Correct way to free a device memory

I have a doubt about free a device memory pointed to a struct that have pointers

#define MAX 128
struct mydata{
	int value;
	int *vector;
};
int main(){
        struct mydata *reg;
	cudaMalloc((void**)&reg, MAX*sizeof(struct mydata));
	kernel_alloc_vector_and_fill<<<4, 32>>>(reg);
	cudaDeviceSynchronize();
	/* here I must free only reg or all pointers vector inside reg? */
	/* Testing free all pointers I get error in dereferencing memory (I was try access device memory inside host code) */
	cudaFree(reg); /* works fine */
}

In this case I should only free reg in host?
If this occurs on host memory the OS is responsible to free a memory in this case occurs same for GPU - for vector pointer?

You should free reg on the host because it was allocated as such.

As for your question about freeing pointers in the structs pointed at by reg, I think we’d need to see your kernel. You can indeed do device-side malloc and free calls but they’re oftentimes slow so they’re not recommended in general.
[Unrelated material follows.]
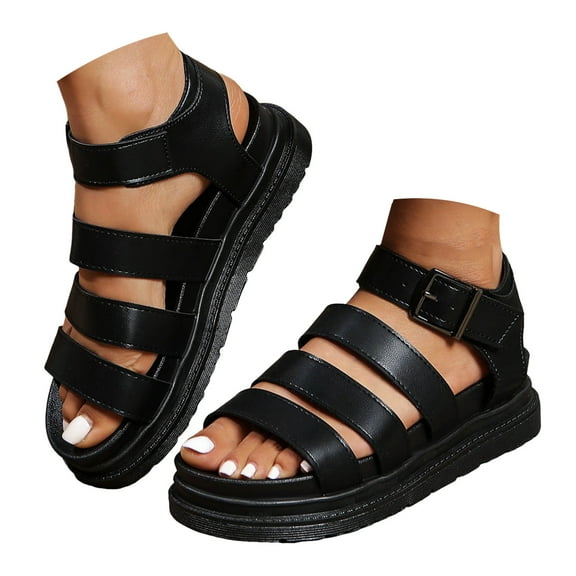 Mepaouo Womens Flat Thong Sandals Ankle Buckle Strap Strappy Slip on Walking Shoes with Memory Foam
So if your kerel is calling malloc, your kernel should call free.

If it’s not used much whats happens with memory allocated by malloc to vector at end kernel? the kernel is responsible to call free pointers at end launch?

Yes, just as MutantJohn said.

allocations created by in-kernel malloc/new/cudaMalloc exist until:

  1. they are explicitly freed
  2. the context is destroyed
  3. the CPU process that owns the context terminates

kernel termination by itself does not free any allocations created by in-kernel malloc.
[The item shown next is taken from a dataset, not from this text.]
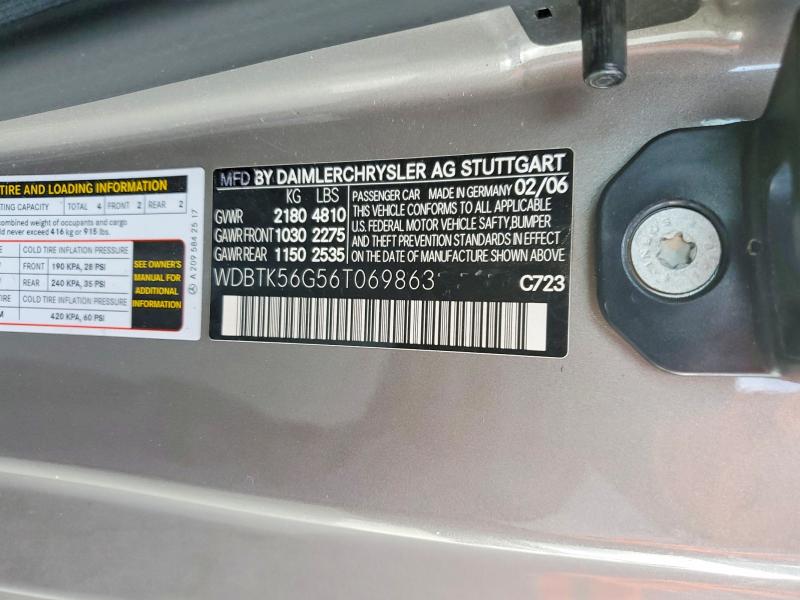 Продаж на аукціоні авто 2006 Mercedes-benz Clk, vin: WDBTK56G56T069863, номер лоту: 48630856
If you want to free them before process termination/context destruction, you must explicitly call free() on those pointers

So, when I came to CUDA, I was very used to writing CPU-based code so a structure with a pointer in it was very much a part of my toolbelt.

But in CUDA, it’s sort of better to just store an int instead of a pointer. Allocate your data separate in this case.
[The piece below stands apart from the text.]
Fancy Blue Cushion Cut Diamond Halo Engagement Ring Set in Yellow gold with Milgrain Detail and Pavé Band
#include <thrust/device_vector.h>

using thrust::device_vector;

struct datum
{
  int value;
  int vector_idx;
};

int main(void)
{
  device_vector<int> int_vector;
  device_vector<datum> data;

  // launch kernel which then sets the vector_idx for each datum
}

This kind of has the advantage that it uses RAII and it also allows you to store invalid indices as a -1. This has useful properties.